【主張】診療報酬改善と周知期間の確保を求める

公開日 2019年10月28日

 現行の診療報酬の算定は非常に複雑で、理解するのが難しい。

 在宅や医学管理には併算定できない規定があり、告示、通則、通知、事務連絡をすべて読み込まなければ正しい算定は困難である。初再診料にも様々な加算が存在し、カルテ記載が算定要件になっている外来管理加算や、電話再診と医学管理が併算定できないことによる診療情報提供料の減点査定など現場への負担となっている。

 また、包括点数も数多く運用され、併算定できないことの原因になるだけでなく、医師・看護師の労働に見合わない点数になっていることも少なくない。加えて、医療材料、薬剤料も問題だ。患者へのより良い医療の提供が保険で認められない、包括されているなどの理由で保険請求できず医療機関の持ち出しになるなど例を挙げるときりがない。

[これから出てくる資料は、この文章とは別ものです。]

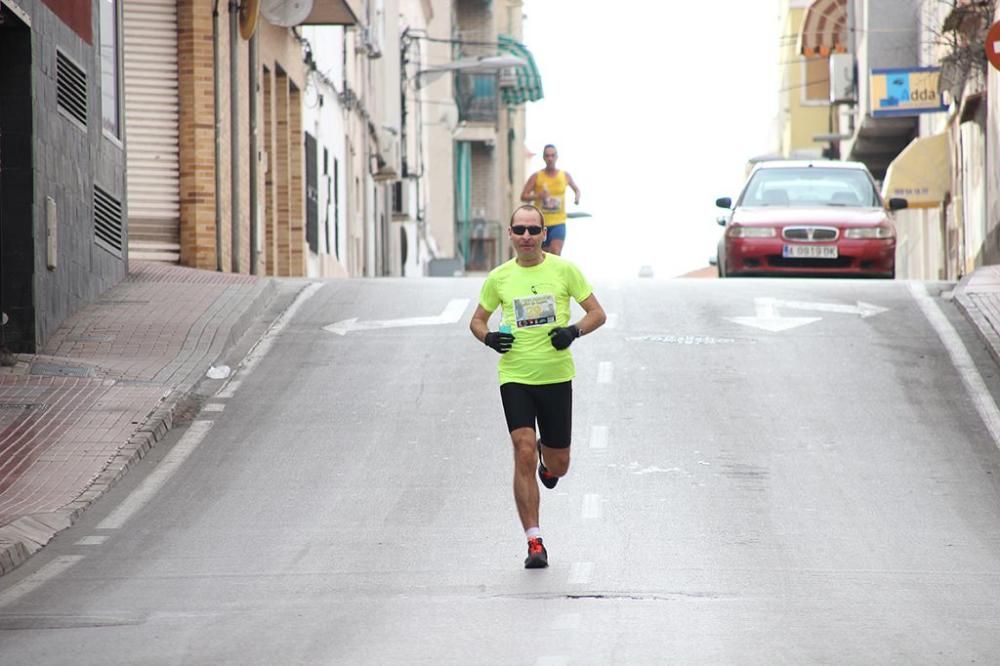 Media maratón de Molina de Segura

 簡潔な規定、加算ではなく基本点数そのものの引き上げ、不合理な包括の廃止などが実施されるよう要求していく必要がある。

 さらに、昨今の診療報酬改定・介護報酬改定では、医療機関および介護事業所への改定内容の周知が不十分なまま、新年度初日から新点数が実施され、疑義解釈で算定方法の修正が行われることが頻発している。周知期間があまりに短く、医療機関・介護事業所のみならず、患者にも多大な負担となっている。

 そもそも、法改正や公的制度の変更が詳細な取扱いを示されないまま実施に移されるなどということはあり得ないことである。診療報酬改定については、改定実施直前の3月末頃に大量の疑義解釈が厚生労働省事務連絡で示される事態が続いているが、改定実施の数日前に詳細な取扱いを、通知ですらない事務連絡で規定することは明らかに異常である。

 保険診療の円滑な運用に支障を来す事態を招かないよう、告示から実施まで、社会的な常識に照らして十分な長さの周知期間として、少なくとも実施まで2カ月以上、疑義解釈を含めた周知期間を設けることが必要だ。

 国民皆保険と言いつつ、保険料すら支払えない人が増え、国民生活を圧迫している現状は、とても皆保険であるとは言えない。政府の暴走を阻止できるのは、われわれの民意以外にない。

 協会は、国会行動を通じて診療報酬改善と周知期間の確保を求めて働きかけを強めていく。